"Once Upon A Time in Wonderland" will come to an end after just one season, according to Entertainment Weekly.
ABC News conformed Friday, that the show's final episode will air in the US on April 3. The Network has already begun advertising the episode as the "series finale" instead of "season finale." The thirteen episode series premiered in late 2013.
"I really had hoped that 'Once Upon a Time in Wonderland' would work," Patrick Moran, ABC Studios chief, told The Hollywood Reporter. "It was designed to be what they call 'gap programming,' to go in between the regular season, and it probably would have fared better as that."
The fantasy-drama series based on Lewis Carroll's Alice's Adventures in Wonderland was a spin-off of the popular ABC drama "Once Upon a Time," that followed fairytale characters in a small town as they try to return home. The spin-off series was announced after the success of the original series.
The show is written by "Once Upon a Time" creators Adam Horowitz and Eddy Kitsis, who also came to the decision to end the series. According to The Hollywood Reporter, the show did not reach its target audience. The show struggled throughout its run at 8 p.m. on Thursday nights and only ranked in 3.3 million viewers.
"That Thursday slot is difficult. We loved the idea.

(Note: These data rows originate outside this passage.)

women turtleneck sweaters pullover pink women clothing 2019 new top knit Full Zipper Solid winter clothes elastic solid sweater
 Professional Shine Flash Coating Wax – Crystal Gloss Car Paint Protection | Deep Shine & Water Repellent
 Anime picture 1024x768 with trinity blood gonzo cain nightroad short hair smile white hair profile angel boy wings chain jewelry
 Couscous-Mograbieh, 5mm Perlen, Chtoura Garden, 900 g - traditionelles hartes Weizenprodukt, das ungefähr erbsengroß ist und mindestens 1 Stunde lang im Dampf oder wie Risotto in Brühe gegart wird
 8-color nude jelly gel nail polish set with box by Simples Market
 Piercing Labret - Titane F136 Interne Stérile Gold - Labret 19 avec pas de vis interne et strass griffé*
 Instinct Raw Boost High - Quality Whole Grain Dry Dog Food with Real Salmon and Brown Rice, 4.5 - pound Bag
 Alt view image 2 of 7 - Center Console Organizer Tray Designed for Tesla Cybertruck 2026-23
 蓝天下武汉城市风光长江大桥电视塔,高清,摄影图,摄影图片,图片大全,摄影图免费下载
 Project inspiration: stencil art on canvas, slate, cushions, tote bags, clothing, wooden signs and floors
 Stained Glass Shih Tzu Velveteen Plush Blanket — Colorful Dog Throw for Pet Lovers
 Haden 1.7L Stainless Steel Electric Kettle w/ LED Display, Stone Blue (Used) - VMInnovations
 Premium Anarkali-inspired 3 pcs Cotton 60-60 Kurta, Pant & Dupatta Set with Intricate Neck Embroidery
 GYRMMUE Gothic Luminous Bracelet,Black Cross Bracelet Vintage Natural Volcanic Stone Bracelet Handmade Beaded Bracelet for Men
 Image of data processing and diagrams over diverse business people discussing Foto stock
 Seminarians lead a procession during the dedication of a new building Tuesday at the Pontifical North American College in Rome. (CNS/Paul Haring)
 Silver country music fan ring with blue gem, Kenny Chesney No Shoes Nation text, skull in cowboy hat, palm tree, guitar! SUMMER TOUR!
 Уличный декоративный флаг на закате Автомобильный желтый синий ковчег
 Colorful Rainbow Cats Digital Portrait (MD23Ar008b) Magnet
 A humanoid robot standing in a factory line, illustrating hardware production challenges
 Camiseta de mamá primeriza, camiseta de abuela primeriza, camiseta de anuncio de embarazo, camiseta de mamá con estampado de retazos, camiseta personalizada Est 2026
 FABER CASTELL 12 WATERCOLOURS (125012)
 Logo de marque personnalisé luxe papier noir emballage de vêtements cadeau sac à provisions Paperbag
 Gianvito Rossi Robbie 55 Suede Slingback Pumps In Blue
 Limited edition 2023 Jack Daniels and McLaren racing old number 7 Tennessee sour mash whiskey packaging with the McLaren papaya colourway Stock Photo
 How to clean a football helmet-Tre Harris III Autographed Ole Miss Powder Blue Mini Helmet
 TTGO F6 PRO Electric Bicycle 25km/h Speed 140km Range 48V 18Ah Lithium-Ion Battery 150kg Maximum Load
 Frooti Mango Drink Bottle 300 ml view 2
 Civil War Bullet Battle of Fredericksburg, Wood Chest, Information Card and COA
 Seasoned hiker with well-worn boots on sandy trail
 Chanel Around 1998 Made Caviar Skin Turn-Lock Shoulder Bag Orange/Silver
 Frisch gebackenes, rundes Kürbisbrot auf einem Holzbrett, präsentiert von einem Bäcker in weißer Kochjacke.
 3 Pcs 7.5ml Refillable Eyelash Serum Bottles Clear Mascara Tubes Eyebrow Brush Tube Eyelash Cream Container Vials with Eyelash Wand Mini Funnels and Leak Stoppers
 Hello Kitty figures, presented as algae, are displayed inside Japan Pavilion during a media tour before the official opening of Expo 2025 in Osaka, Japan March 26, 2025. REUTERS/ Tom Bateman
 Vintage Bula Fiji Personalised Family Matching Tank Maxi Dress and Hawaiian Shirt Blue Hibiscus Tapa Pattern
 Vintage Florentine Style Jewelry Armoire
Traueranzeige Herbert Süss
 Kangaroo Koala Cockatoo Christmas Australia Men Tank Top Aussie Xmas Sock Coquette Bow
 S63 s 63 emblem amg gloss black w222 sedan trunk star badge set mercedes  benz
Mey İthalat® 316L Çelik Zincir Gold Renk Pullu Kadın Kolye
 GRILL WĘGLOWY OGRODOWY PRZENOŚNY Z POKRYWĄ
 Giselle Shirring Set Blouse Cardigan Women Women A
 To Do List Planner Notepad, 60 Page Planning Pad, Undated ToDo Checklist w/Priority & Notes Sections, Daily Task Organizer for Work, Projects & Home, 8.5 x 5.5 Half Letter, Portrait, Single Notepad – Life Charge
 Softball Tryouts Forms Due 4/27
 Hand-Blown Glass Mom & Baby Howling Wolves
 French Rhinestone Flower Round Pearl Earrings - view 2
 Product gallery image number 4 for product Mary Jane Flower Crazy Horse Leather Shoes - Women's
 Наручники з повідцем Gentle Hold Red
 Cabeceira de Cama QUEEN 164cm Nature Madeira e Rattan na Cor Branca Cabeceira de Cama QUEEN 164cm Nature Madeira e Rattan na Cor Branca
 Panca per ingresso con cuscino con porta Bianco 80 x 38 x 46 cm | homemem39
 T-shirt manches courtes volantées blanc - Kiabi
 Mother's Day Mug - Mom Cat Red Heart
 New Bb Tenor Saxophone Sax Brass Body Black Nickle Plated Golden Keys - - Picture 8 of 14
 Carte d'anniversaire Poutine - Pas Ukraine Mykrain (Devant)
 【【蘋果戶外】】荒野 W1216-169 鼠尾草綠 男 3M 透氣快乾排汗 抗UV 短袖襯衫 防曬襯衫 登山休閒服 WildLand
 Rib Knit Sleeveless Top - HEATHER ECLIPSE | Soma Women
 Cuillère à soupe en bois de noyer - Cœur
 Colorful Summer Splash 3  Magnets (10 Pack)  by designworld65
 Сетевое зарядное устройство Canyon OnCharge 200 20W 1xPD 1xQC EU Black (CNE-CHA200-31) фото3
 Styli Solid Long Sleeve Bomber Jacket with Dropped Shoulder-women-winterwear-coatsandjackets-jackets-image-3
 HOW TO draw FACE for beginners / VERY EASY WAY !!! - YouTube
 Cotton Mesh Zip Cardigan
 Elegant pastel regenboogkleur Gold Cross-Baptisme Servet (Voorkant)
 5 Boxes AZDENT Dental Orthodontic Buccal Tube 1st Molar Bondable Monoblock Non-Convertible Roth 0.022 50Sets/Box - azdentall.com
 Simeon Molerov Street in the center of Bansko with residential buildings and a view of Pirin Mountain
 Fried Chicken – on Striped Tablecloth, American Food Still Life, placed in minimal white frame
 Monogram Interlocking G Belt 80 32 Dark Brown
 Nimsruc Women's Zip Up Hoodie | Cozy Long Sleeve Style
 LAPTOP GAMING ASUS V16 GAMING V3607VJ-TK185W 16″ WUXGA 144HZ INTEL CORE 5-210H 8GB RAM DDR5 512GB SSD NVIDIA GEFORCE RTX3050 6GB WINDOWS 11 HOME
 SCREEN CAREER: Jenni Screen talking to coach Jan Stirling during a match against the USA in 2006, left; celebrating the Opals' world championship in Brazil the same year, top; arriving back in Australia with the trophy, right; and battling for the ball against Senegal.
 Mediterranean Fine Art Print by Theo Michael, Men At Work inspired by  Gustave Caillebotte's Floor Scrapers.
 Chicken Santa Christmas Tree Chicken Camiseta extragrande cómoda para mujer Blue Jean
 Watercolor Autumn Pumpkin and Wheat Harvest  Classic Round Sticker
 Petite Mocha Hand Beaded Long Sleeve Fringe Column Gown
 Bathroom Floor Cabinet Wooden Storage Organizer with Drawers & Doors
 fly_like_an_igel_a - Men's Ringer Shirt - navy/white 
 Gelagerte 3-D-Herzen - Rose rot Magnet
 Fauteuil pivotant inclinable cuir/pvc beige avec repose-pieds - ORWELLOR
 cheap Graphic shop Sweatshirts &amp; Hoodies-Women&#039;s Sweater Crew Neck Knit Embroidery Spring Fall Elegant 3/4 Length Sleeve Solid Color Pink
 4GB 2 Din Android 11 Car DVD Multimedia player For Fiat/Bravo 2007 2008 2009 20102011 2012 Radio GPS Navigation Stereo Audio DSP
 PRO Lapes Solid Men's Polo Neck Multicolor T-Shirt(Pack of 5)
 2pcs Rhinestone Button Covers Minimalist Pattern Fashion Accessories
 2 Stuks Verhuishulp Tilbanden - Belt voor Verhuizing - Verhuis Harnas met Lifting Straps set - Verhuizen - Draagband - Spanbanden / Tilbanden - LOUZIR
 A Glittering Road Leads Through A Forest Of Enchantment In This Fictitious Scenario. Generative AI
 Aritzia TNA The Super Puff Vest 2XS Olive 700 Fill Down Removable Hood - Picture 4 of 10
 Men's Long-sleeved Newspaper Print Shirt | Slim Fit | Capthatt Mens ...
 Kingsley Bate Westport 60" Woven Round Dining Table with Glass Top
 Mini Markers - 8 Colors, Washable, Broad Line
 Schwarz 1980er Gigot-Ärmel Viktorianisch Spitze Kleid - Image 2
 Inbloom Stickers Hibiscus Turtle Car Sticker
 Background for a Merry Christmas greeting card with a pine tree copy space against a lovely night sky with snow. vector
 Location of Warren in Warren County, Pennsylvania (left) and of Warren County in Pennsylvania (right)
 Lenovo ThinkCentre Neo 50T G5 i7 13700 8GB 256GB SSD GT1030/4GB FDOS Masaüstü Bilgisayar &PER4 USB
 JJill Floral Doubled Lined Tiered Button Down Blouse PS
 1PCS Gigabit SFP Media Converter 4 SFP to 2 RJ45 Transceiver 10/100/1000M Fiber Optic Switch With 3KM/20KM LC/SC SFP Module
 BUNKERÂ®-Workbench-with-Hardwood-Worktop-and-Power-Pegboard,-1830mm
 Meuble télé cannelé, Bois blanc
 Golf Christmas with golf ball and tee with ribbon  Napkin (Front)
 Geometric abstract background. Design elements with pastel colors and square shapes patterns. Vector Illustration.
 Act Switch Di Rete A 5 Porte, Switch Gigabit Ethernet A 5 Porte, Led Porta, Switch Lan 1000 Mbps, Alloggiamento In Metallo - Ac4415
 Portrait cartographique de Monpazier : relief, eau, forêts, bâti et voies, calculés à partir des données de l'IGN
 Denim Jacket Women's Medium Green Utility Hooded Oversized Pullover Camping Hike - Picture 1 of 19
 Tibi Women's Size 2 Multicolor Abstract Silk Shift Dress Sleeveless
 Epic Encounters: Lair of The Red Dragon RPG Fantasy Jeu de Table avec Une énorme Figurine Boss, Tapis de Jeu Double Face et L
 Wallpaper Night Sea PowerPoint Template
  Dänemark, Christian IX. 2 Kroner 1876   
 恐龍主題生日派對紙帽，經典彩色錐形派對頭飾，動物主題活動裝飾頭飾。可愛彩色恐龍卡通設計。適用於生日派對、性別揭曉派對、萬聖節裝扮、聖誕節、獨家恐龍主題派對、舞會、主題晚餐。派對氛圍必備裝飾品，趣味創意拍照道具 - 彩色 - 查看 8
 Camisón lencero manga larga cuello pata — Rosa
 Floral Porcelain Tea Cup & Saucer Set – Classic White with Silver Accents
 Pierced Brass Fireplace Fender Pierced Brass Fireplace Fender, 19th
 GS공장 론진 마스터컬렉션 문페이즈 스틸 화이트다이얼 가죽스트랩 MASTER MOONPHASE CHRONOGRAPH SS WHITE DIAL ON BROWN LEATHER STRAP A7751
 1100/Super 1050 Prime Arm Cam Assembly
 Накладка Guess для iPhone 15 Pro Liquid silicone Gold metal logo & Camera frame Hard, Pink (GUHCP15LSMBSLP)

We knew the creative was great, and so we loved the idea of having a run of empowered women going all the way through Thursday night [with Grey's Anatomy and Scandal]," Paul Lee, ABC Entertainment Group President said to reporters last January about "Wonderland."
Lee added: "What we didn't want to do is play defense on Thursday when we wanted to play offense. But in retrospect, I think it would have done better there, and I should have stuck to the earlier idea. ... I totally take responsibility for that."
Entertainment Weekly reported that "Once Upon a Time" is expected to continue for a fourth season.